Get list of files, that exist in one folder but not another, as determined by content, not filename, on Windows
Solution 1:
The strings returned from PowerShell's Get-FileHash can be used as the keys to a hashtable to associate content with the fully-qualified path. This code creates a hashtable for each path with the following caveats.
- Empty files are ignored as the content hash of all empty files will be identical. ( You could also create a list of empty files foulnd in each directory )

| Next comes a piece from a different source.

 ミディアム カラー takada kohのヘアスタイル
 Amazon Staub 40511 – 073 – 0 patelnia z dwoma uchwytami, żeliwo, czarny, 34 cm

- If duplicates are found within the directory we are indexing, only the first file found will be added to the
$HashOut
table. The$Dups
table will have the list of all paths that share identical content.
PowerShell:
Function Get-DirHash ( [String]$PathIn , [PSObject]$HashOut )
{
$HashOut.Clear()
gci $PathIn *.txt -Recurse | ? Length -gt 0 | Get-FileHash | %{
If ( $HashOut.Contains($_.Hash) )
{
If ( $Dups.Contains($_.Hash) )
{
$Dups[$_.Hash] += $_.Path
}
Else
{
$Dups.Add( $_.Hash , @( $HashOut[$_.Hash] , $_.Path ))
}
}
Else
{
$HashOut.Add( $_.Hash , $_.Path )
}
}
}
$DirA = 'c:\whatever'
$DirB = 'c:\whenever'
$TableA = @{}
$TableB = @{}
$Dups = @{}
$Unique2A = New-Object System.Collections.Generic.List[String]

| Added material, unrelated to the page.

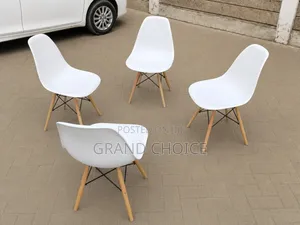 White Eames Dining Chair Set | Modern Plastic Dining Chairs Kenya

Get-DirHash -PathIn $DirA -HashOut $TableA
Get-DirHash -PathIn $DirB -HashOut $TableB
$TableA.Keys | %{
If ( ! ( $TableB.Contains($_) ))
{
$Unique2A.Add( $TableA[$_] )
}
}
$Unique2A | Out-GridView
Not fully tested, but I believe this will do the trick of only computing the hash for files that match in size.
$DirA = 'c:\whatever'
$DirB = 'c:\whenever'
$TestA = [Regex]::Escape($DirA)
$MasterList = gci $DirA , $DirB -Filter *.txt -recurse | Group Length
$Unique2A_BySize = ( $MasterList | ? Count -eq 1 |
? { $_.Group[0].DirectoryName -match $TestA } ).Group.FullName
$Unique2A_ByHash = ( $MasterLIst | ? Count -gt 1 | %{
$_.Group | Get-FileHash | Group Hash |
? Count -eq 1 |
? { $_.Group[0].Path -match $TestA }
} ).Group.Path
( $Unique2A = $Unique2A_BySize + $Unique2A_ByHash ) | Out-GridView
Which may be improved by the harder-to-read:
$DirA = 'c:\whatever'
$DirB = 'c:\whenever'
$TestA = [Regex]::Escape($DirA)
$Unique2A = ( ( $MasterList = gci $DirA , $DirB -Filter *.txt -recurse | Group Length ) |
? Count -eq 1 |
? { $_.Group[0].DirectoryName -match $TestA } ).Group.FullName +
( $MasterLIst | ? Count -gt 1 | %{
$_.Group | Get-FileHash | Group Hash |
? Count -eq 1 |
? { $_.Group[0].Path -match $TestA }
} ).Group.Path
$Unique2A | Out-GridView